For Barbara and Alex Sgroi, the decision to sell their home in Canada and retire abroad wasn’t so much about leaving Canada as it was about finding their place in the sun.
“We were itching for a change, looking for an escape from winter,” Mrs. Sgroi says.
Friends of theirs had talked fondly of their experiences in Ajijic, a town of 11,000 in Mexico on the shores of Lake Chapala, near Guadalajara. After searching real estate websites, they stumbled upon an idyllic villa, complete with pool and palm trees. Two weeks later they’d bought the place.
“We chose Mexico because it was affordable and driveable,” Mrs. Sgroi says. “We could drive down with our dog and all our stuff packed in the car.”
Selling their home and starting over in a new country wasn’t a rash decision, however. The couple went south every winter for five years, staying for five months each time. Then three years ago they decided to make it permanent, and they sold their house in Fergus, Ont.
Mrs. Sgroi says that while she misses Canadian staples such as butter tarts and sweet corn, she now has access to fresh fruit, vegetables and fish year round. Property taxes, which in Fergus were about $5,000 a year, are just $50 in Ajijic. In addition, the good weather means they don’t have to spend on either heating or air conditioning.
Given that the Sgrois started slowly – learning about their destination before uprooting themselves – and that they have no plans to return to Canada, selling their home was a good choice.
But it’s not the right one for everyone. Those thinking about selling should take baby steps, says Carol Bezaire, senior vice-president, tax and estate planning, at Mackenzie Investments in Toronto.
“Spend a little time in the environment that you think you want to settle in,” Ms. Bezaire says. “Give it some test runs.”
Family is often a deciding factor for retirees. Those with extra time on their hands might not want to move far from children and grandchildren.
“Even very wealthy people who decide they want to move to a tax haven like the Cayman Islands realize that all their family and the kids and the grandkids are [in Canada] and it doesn’t work out,” says Jamie Golombek, managing director, tax and estate planning, for CIBC Wealth Advisory Services in Toronto.
Those not willing to put all their eggs in one basket should consider renting out their Canadian property. Not only will it provide income, but should circumstances change, the option to return home is still there.
But homeowners who have adopted a new tax home will need to pay a Canadian withholding tax on the rental income they receive, Mr. Golombek says.
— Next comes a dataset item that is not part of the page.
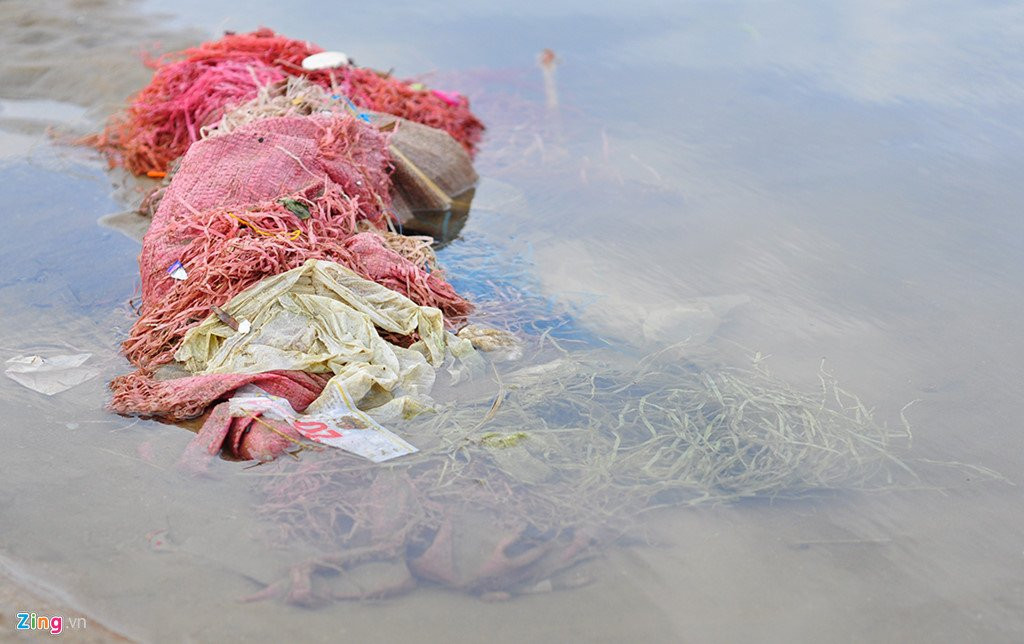 Bo bien dep tro thanh bai chua hang tan rac thai hinh anh 9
Most of these countries offer a credit for taxes that have been paid, however, so it doesn’t necessarily mean you will overpay or be double-taxed.
Choose your tenants carefully, though.
“If you rent it to a family member, you could be deemed by Canada to be a resident in Canada because you still own this property and you’ve got family in the house,” Ms. Bezaire says. “So Canada Revenue may think that you should still be paying tax in Canada.”
Given soaring house prices in Canadian cities, however, there may never be a better time to sell. While doing so might result in a cash windfall, those who don’t need the money immediately should consider what to do with it.
If the money is put into stocks or bonds, taxes will need to be paid on the dividends or interest. “It’s pretty hard to find a tax-free investment,” Mr. Golombek says.
“The nice thing about real estate is that hopefully the biggest gain you have, other than some rental income to cover the property taxes and the other fees associated with property repairs and maintenance, is the appreciation,” he says.
Collecting income from your registered retirement income fund (RRIF) or government benefits such as the Canadian Pension Plan (CPP) can also be more complicated when living abroad. Check to see which countries have tax treaties with Canada.
“If a country has a tax treaty with Canada … for your RRIF payment, your CPP, your OAS, there could be less tax withheld in Canada,” Ms. Bezaire says. “But quite often with a payment, if there’s no tax treaty, it could be up to 25 per cent that’s withheld in Canada. Then you have to file a tax return and claim it back where you’re living.”
Given the recent slide of the Canadian dollar, another consideration to selling and retiring abroad is exchange rates, particularly if the country you choose uses U.S. dollars as its principal currency.
“I think currency has become a big part of the equation recently, and, especially if you’re moving to the United States, you may be hesitant to sell that property right now if you need U.S. dollars,” Mr. Golombek says.
The Sgrois say they have already reaped the dividends of their move. Ms. Sgroi says the health care she and her husband receive in Ajijic is superior to that in Canada. For example, Mr. Sgroi sees a cardiologist for just $60 an hour, and there are practically no wait times.
The pair also enjoy a more active lifestyle than they would in Canada, and advantages that stretch far beyond just the weather.
“I find that people who are drawn to leave their comfort zone and live in a culture that is not their own do share a sense of adventure, a curiosity about life, a willingness to try learning a new language or making new friends that keeps them intellectually fit and fearless,” Mrs. Sgroi says.
Though life seems idyllic for her and her husband, there is always the knowledge that they have another option should they have a change of heart.
“I think we always know that we could go back home if we wanted to,” she says. “We will always be Canadians, no matter where we live.”